Professor Bryan Bollinger studies interest rate mechanisms

May 17, 2018
Entrepreneurship, Finance
Professor Bryan Bollinger found a way to reduce interest rates on microfinance loans

Microfinancing platforms help entrepreneurs in emerging economies borrow from lenders around the world who crowdfund their business startup loans.

The lenders don’t make money, and most microfinancing platforms are nonprofits. But to reach the borrowers, they use intermediaries in the field who charge interest on the loans to cover their costs. Those interest rates can be higher than 30 percent in some cases. A professor at Duke University's Fuqua School of Business has devised a mechanism to keep interest rates lower without removing intermediaries from the process.
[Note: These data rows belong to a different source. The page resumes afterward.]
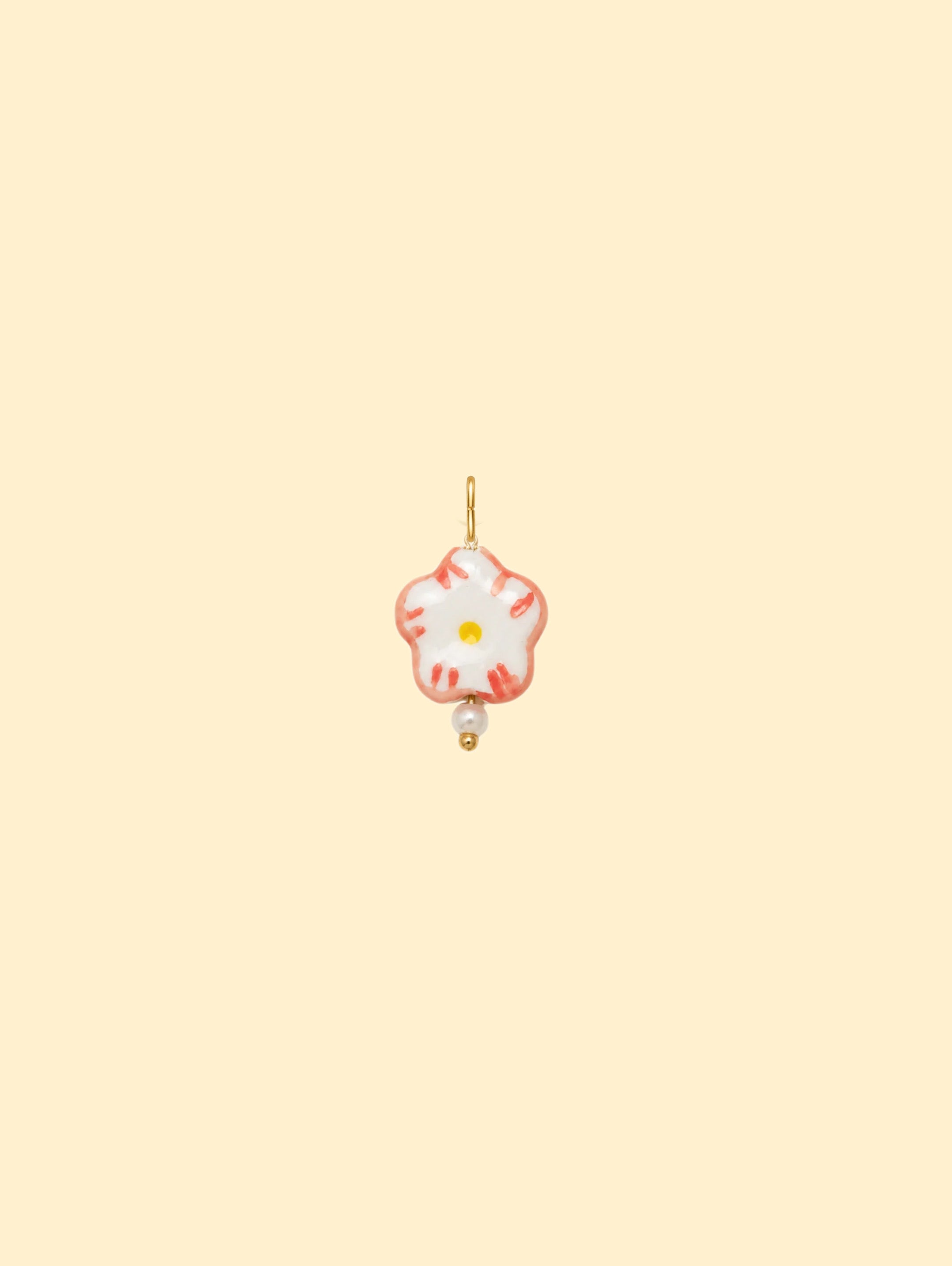 Blush Stroke Flower Charm (Interchangeable)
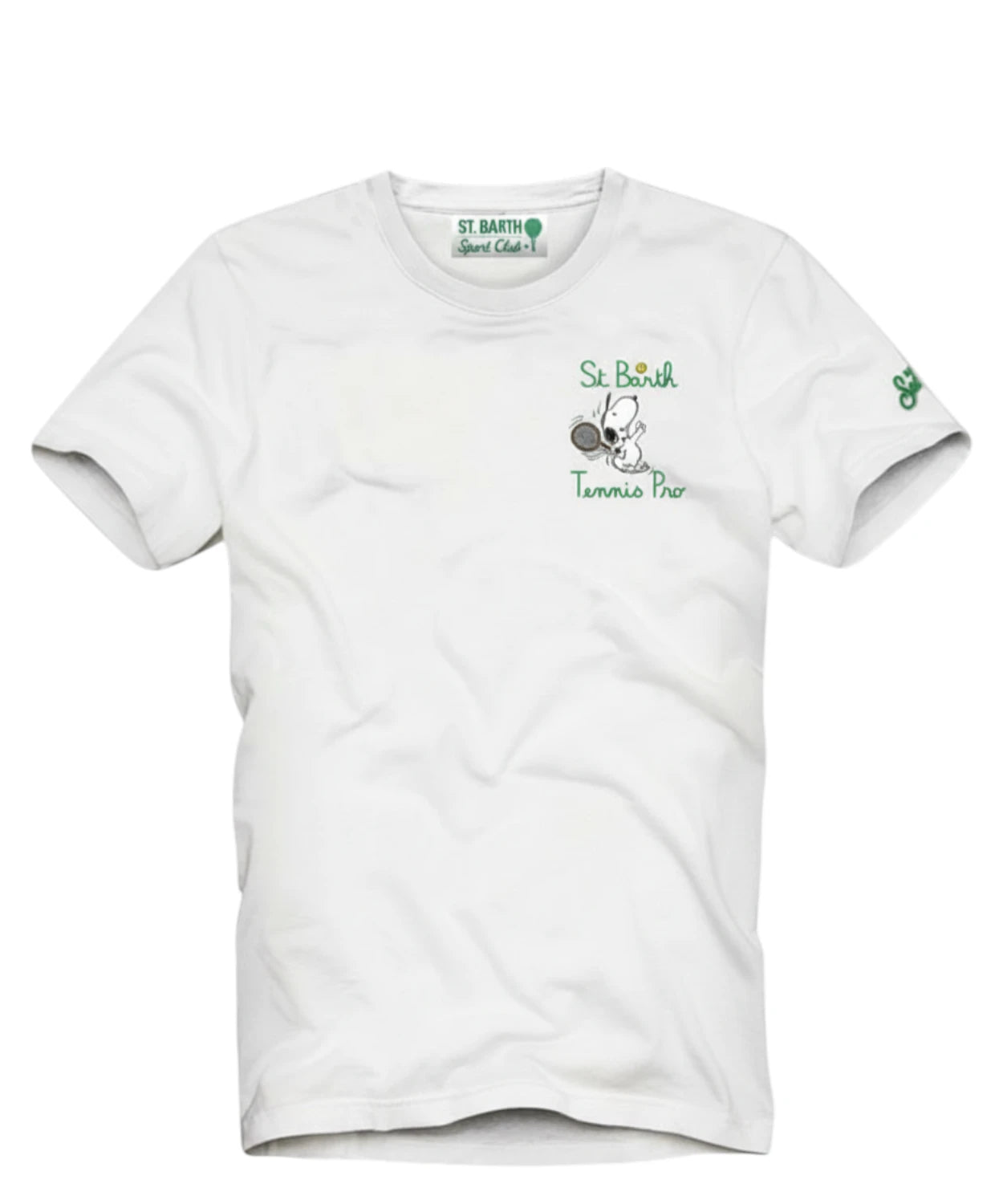 T-Shirt Uomo Portofino MC2 Saint Barth con Snoopy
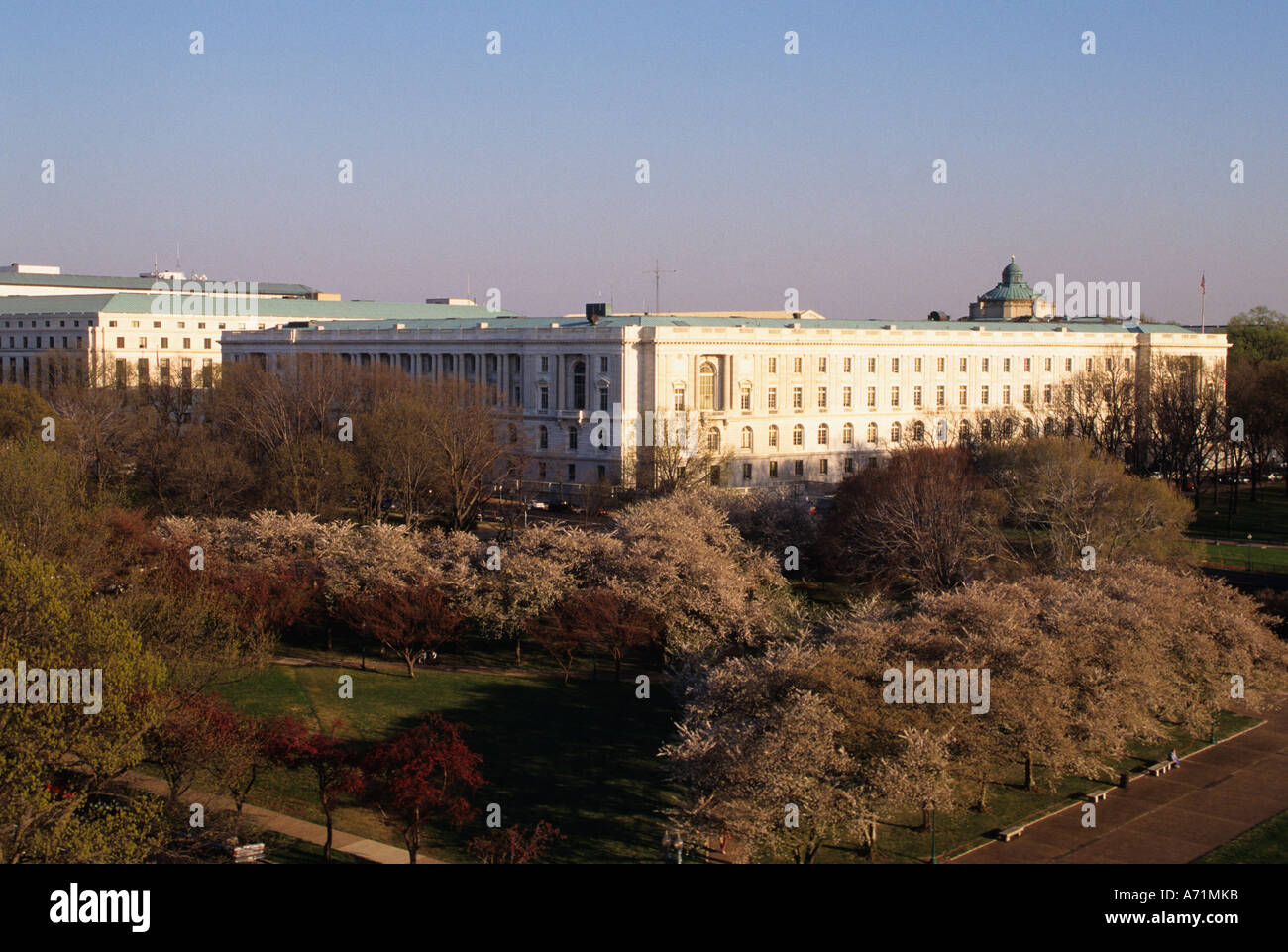 Washington DC The Dirkson Senate Office Building. Aerial landscape. Stock Photo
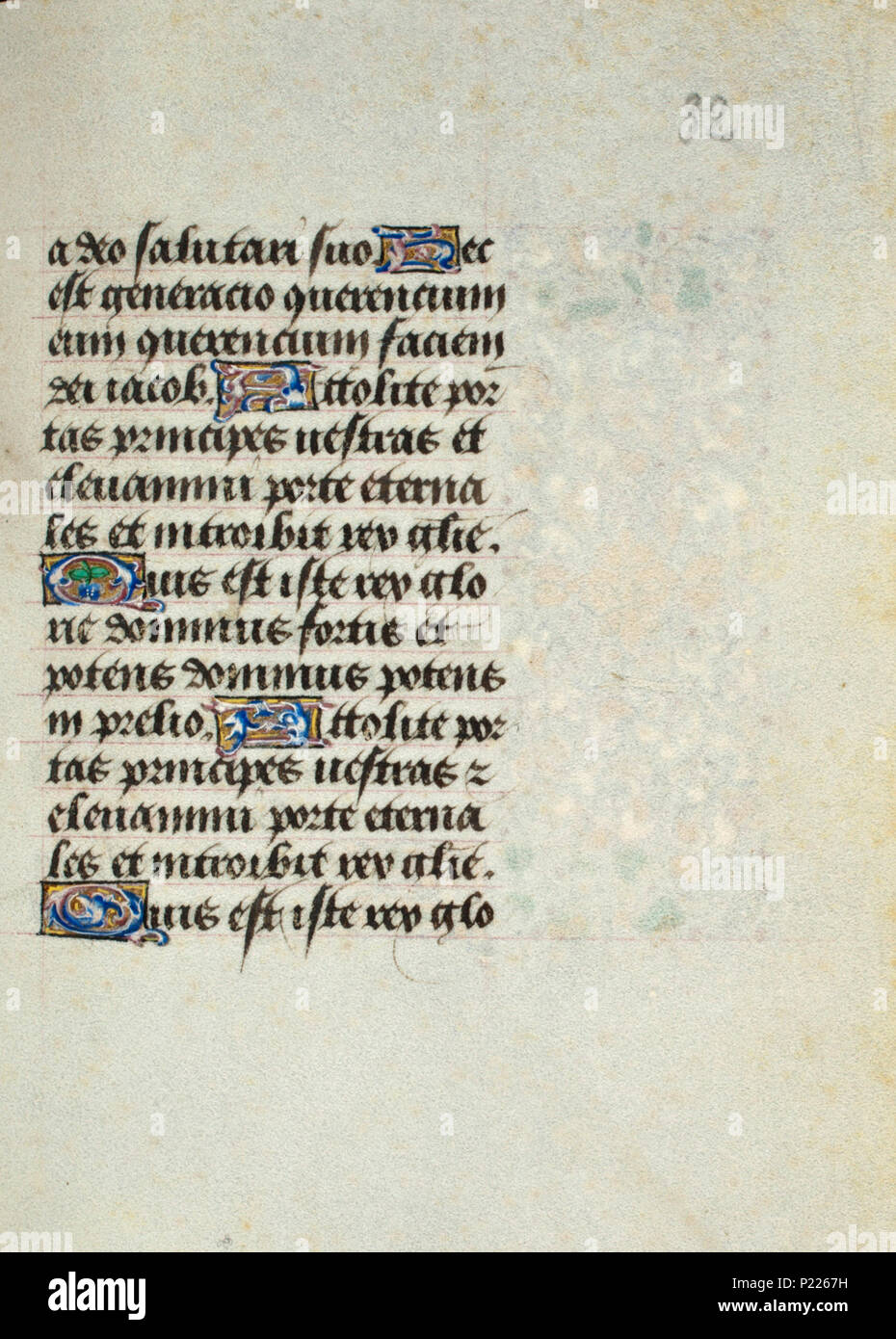 . Folio 032r du livre d'heures de Simon de varie - KB 74 G37 . Folio 032r du livre d'heures de Simon de varie - KB 74 G37 . 1455 34 Livre d'heures de Simon de varie - KB 74 G37 - Folio 032r Banque D'Images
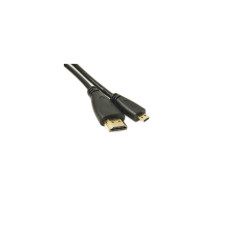 Кабель мультимедийный HDMI A to HDMI D (micro), 2.0m Power Plant (KD00AS1274)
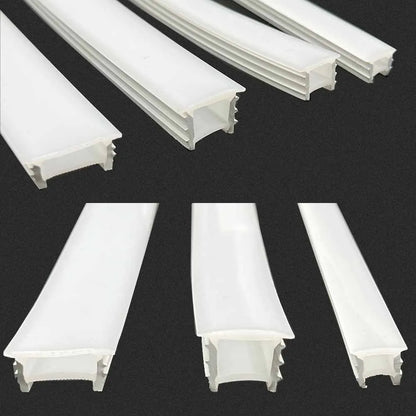1-5M Recessed White Silicone Tube Border Led Neon Flexible Channel Holder Easy Install Waterproof Dustproof DIY Special-shaped.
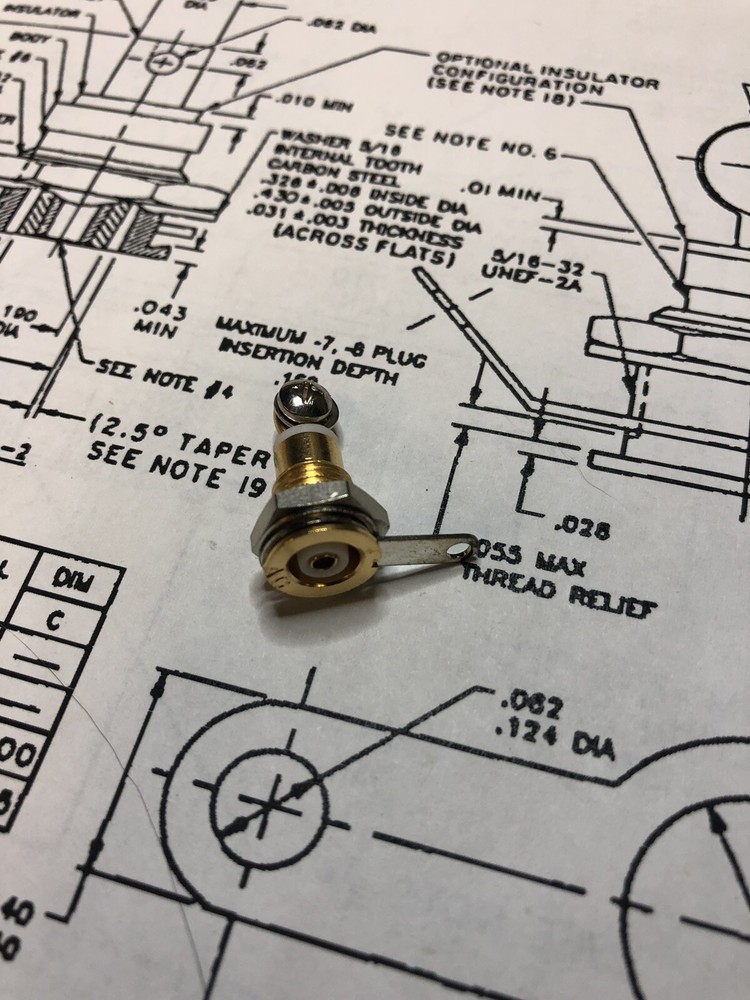 MS90335-4 Gold Plated Electrical Connector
Professor Bryan Bollinger discusses his research in this Fuqua Q&A.

If lenders aren’t compensated, and the platforms are nonprofits, why do field partner intermediaries charge interest?

The field partners have costs, and charging interest allows them to cover those costs. That’s perfectly reasonable. But using data from Kiva, one of the largest microfinance platforms, we found the interest rates suggest the field partners who set them are maximizing profits rather than behaving in an altruistic way.

Under the current system, there’s less risk to the field partner with microfinance if the borrower defaults on the loan. Higher interest rates are often correlated with higher default rates. However, since the field partners are not responsible for paying back the principle to the lenders if the loan defaults, they have a much lower incentive to prevent default. We demonstrate that by shifting much of the default risk to the lenders, microfinance creates an incentive for the field partners to increase interest rates.

Also, the interest rates do not affect lender decisions, which removes one of the disciplining mechanisms that can keep rates down. Essentially the field partners are able to monetize the altruism of everyone else involved. When the field partners are getting free capital from lenders – as they currently do from Kiva – and have no risk in recovering the principal, everything is gravy to them. 

So lowering interest rates means changing the incentives of the field partners. How can that be done?

The idea is very simple. The main difference in our proposed mechanism is that the loan is not actually to the borrower. Instead, the loan is to the field partner, who is then responsible to pay it back regardless of whether the borrower defaults. Of course, the money is lent to the field partner contingent on them loaning it to the borrower. 

It still provides that injection of capital into the system, which is very much a positive for consumers in the area, and more people will have access to loans because of microfinance. Separating the loan payback to lenders from the default removes the upward force on interest rates.

When the field partner is making the loan themselves, they are motivated to keep the interest rate lower so they can pay back the principal, even when setting rates to maximize profits. 

Why wouldn’t it be easier just to eliminate intermediaries altogether?

Around the time we developed our model, an alternative microfinancing platform – Zidisha – entered the market. They do not use intermediaries, and their interest rates are much lower, around 10 percent. This highlights the dramatic impact intermediaries can have on interest rates.  

That said, the field partners serve a valuable a role: they are the ones on the ground, identifying eligible borrowers, processing applications, disbursing the loans and collecting payments. That takes local knowledge, and it takes money. There’s nothing wrong with field partners charging interest, because those costs must be covered and people need to be paid for their work. But the current mechanism can lead interest rates to be higher than they would be for standard loans if microfinancing wasn’t even an option. By contrast, under our proposed system, the consumers and the field partners are both better off than they would be without microfinance.

Microfinance is seen as a key tool for alleviating poverty in developing world. It accounted for $25 billion in 2007 alone – more than a decade ago – and crowdfunding has exploded over the last decade, raising $2.7 billion just in 2012. I think microfinancing can play a really important role. But nonprofits like Kiva need to remain aware they are working with for-profit entities and should account for those entities’ incentives.